A great paper that captures some of the essential frictions in the macroeconomy. A great next step would be to bring in some geography. A major friction, I believe, is that when a recession hits a region, the unemployed cannot move to greener pastures because their house cannot be sold. This cannot be captured in the model above because everyone lives in the same economy. The improved model would also be great to capture the cost of this moving friction, which should be taken into account when thinking about homeownership subsidies.

International Trade and Intertemporal Substitution

December 22, 2014

By Fernando Leibovici and Michael Waugh

This paper studies the dynamics of international trade flows at business cycle frequencies.
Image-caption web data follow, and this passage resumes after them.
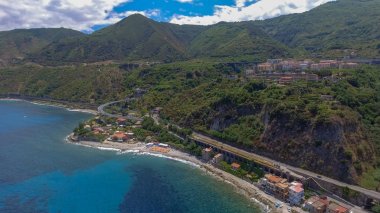 Havadan görünümü güzel sahil Calabria, İtalya.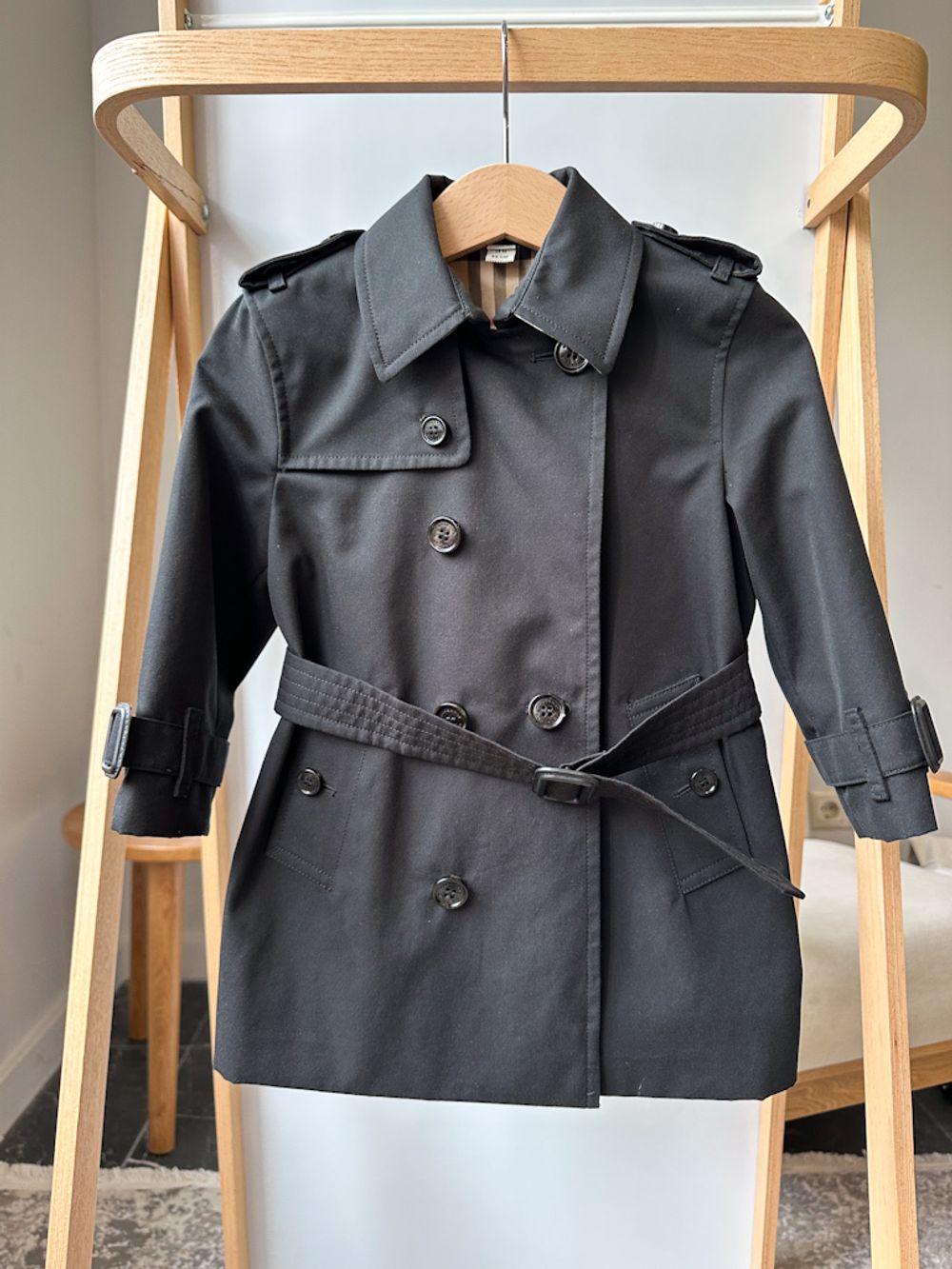 Тренч Burberry, 86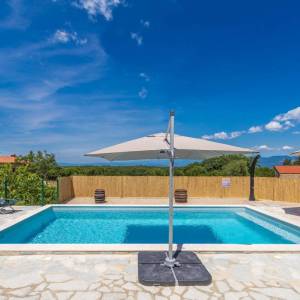 OTOK KRK - Autohtona kamena kuća s bazenom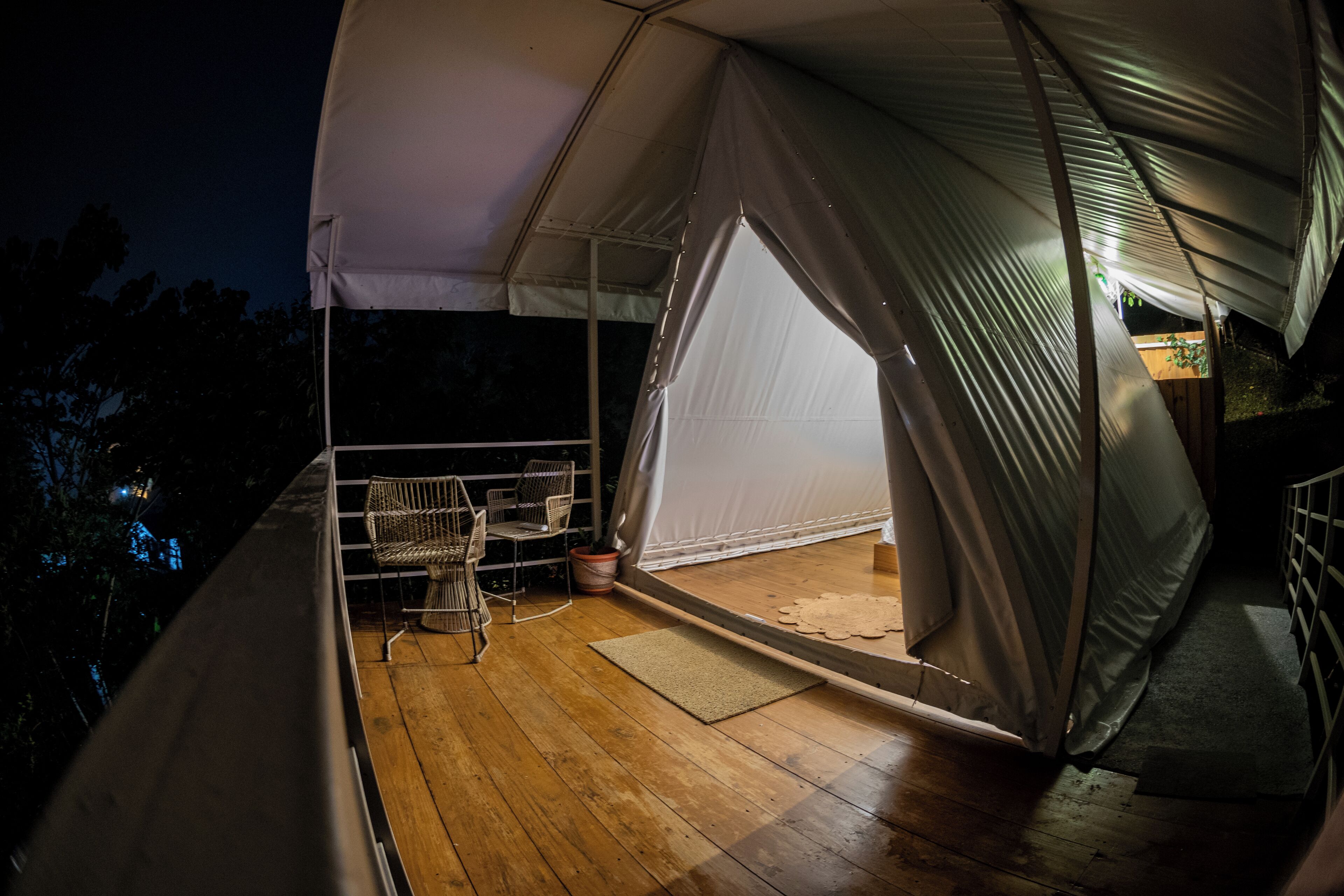 Tente Deluxe | Wi-Fi gratuit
We show that introducing dynamic considerations into an otherwise standard model of trade can account for several puzzling features of trade flows at business cycle frequencies. Our insight is that because international trade is time-intensive, variation in the rate at which agents are willing to substitute across time affects how trade volumes respond to changes in output and prices. We formalize this idea and calibrate our model to match key features of U.S. data. We find that, in contrast to standard static models of international trade, our model is quantitatively consistent with salient features of U.S. cyclical import fluctuations. We also find that our model accounts for two-thirds of the peak-to-trough decline in imports during the 2008-2009 recession.

There were lots of exciting papers to choose from in this week’s NEP-DGE report. I chose this one because it shows that international trade theory is finally awakening from its slumber to realize that dynamics and expectations matter. I think that is pretty big in itself.